If you're building a framework that abstracts over multiple providers, the caching behavior can be unified. Here's a minimal example:

import hashlib, time
from dataclasses import dataclass, field
from typing import Any

@dataclass
class PromptTemplate:
    system: str
    tools: list[dict] = field(default_factory=list)
    examples: list[dict] = field(default_factory=list)

    def build_messages(self, user_input: str, context: str = "") -> list[dict]:
        # Static content first → cacheable prefix
        messages = [{"role": "system", "content": self.system}]

        for ex in self.examples:
            messages.append({"role": "user", "content": ex["input"]})
            messages.append({"role": "assistant", "content": ex["output"]})

        if context:
            messages.append({"role": "system", "content": context})

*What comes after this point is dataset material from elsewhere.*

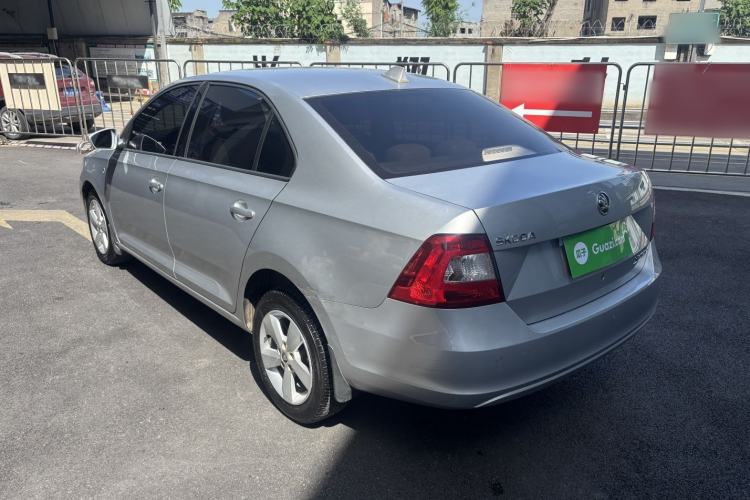 Used Skoda Rapid 2016 1.6L Automatic Chuanxing Edition Exterior 8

        # Dynamic content last → uncached suffix
        messages.append({"role": "user", "content": user_input})
        return messages

    def cache_key(self) -> str:
        # Deterministic hash of the cacheable prefix
        prefix = json.dumps({
            "system": self.system,
            "tools": self.tools,
            "examples": self.examples
        }, sort_keys=True)
        return hashlib.sha256(prefix.encode()).hexdigest()[:16]


class CacheTracker:
    def __init__(self):
        self.hits = 0
        self.misses = 0
        self.last_warm = 0

    def record(self, response_usage: dict[str, Any]) -> None:
        cached = response_usage.get("cache_read_input_tokens", 0) \
              or response_usage.get("prompt_tokens_details", {}).get("cached_tokens", 0)

        if cached > 0:
            self.hits += 1
        else:
            self.misses += 1

    @property
    def hit_rate(self) -> float:
        total = self.hits + self.misses
        return self.hits / total if total > 0 else 0

    def maybe_prewarm(self, template: PromptTemplate, client, ttl_seconds: int = 240) -> None:
        """Pre-warm if TTL has likely expired."""
        if time.time() - self.last_warm > ttl_seconds:
            # Provider-specific pre-warm call would go here
            self.last_warm = time.time()

The PromptTemplate class enforces static-first ordering — system, then examples, then context, then user input. The cache_key() method generates a deterministic hash of the cacheable prefix, usable as OpenAI's prompt_cache_key or for your own routing. CacheTracker wraps usage monitoring so you know if your strategy is working.

The Bottom Line

Prompt caching isn't a feature you build — it's a property of how you structure your prompts. Sort static content first, keep it identical across requests, group related traffic, and monitor hit rates. The provider handles the rest.

The 10x cost difference between cached and uncached reads means this pays for itself immediately on any workload above a few requests per minute. The only mistake is leaving money on the table by ignoring it.